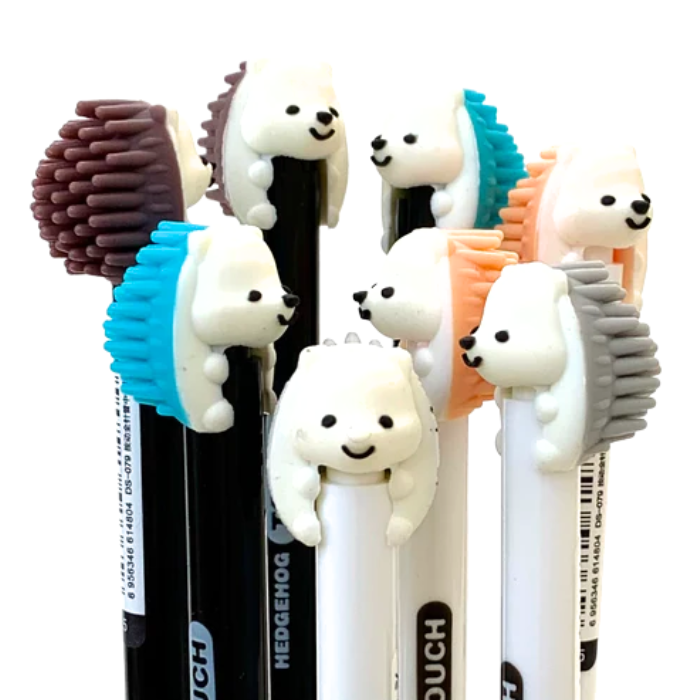 Hedgehog Gel Pen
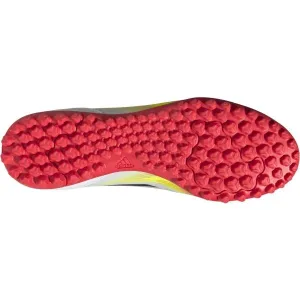 adidas F50 CLUB TF Pánske turfy, biela, veľkosť 44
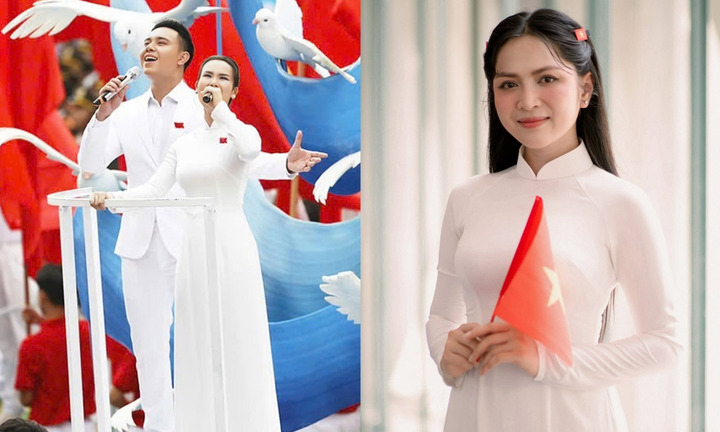 Khán giả tranh luận ca sĩ hát 'Viết tiếp câu chuyện hòa bình', nhạc sĩ nói gì?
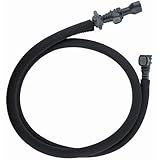 IMAGE OF Camelbak Hydrolink Replacement Tube Blacks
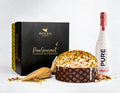 Caja Duo Oro Verde 
+ Vino Pure Prosecco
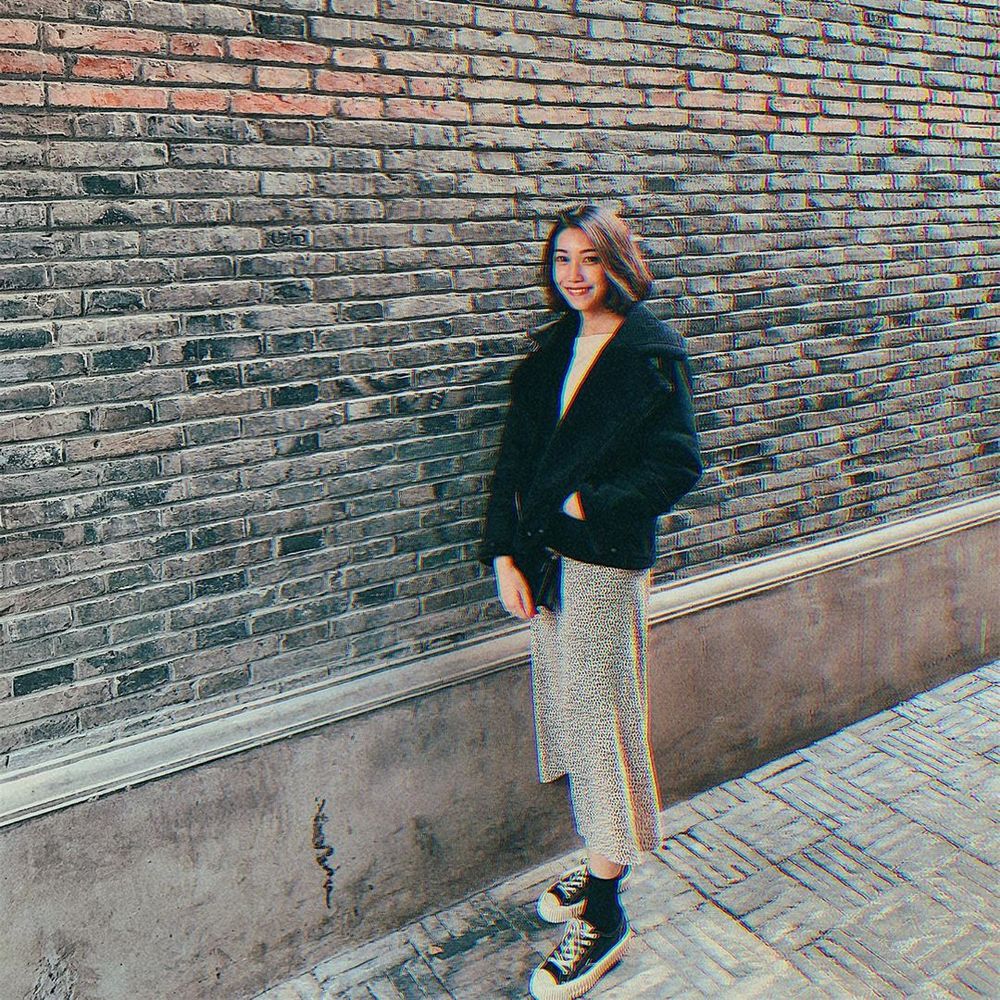 大眼空姐「Natalie」 用笑容走透全世界 清新又燦爛保證最美好-第1章-图片14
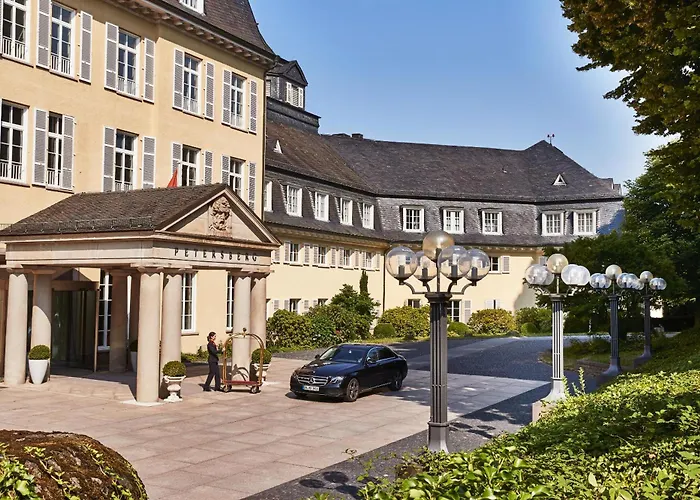 Steigenberger Icon Grandhotel & Spa Petersberg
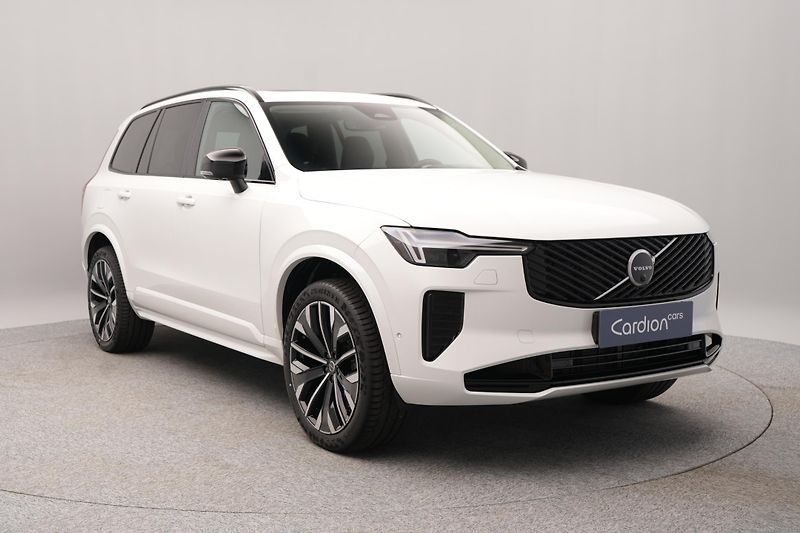 Volvo XC90 (2026) T8 AWD RECHARGE ULTRA DARK 7m - fotka 13 z 28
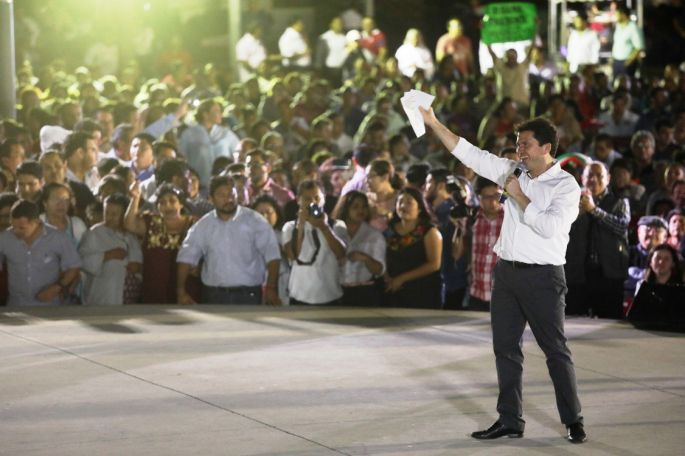 Dar todo por Yucatán: Sahuí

### TASK REQUIREMENTS
A word-for-word copy of the data, without its pictures, is what is needed.

### EXERCISE RESPONSE
 Hedgehog Gel Pen
 adidas F50 CLUB TF Pánske turfy, biela, veľkosť 44
 Khán giả tranh luận ca sĩ hát 'Viết tiếp câu chuyện hòa bình', nhạc sĩ nói gì?
 IMAGE OF Camelbak Hydrolink Replacement Tube Blacks
 Caja Duo Oro Verde 
+ Vino Pure Prosecco
 大眼空姐「Natalie」 用笑容走透全世界 清新又燦爛保證最美好-第1章-图片14
 Steigenberger Icon Grandhotel & Spa Petersberg
 Volvo XC90 (2026) T8 AWD RECHARGE ULTRA DARK 7m - fotka 13 z 28
 Dar todo por Yucatán: Sahuí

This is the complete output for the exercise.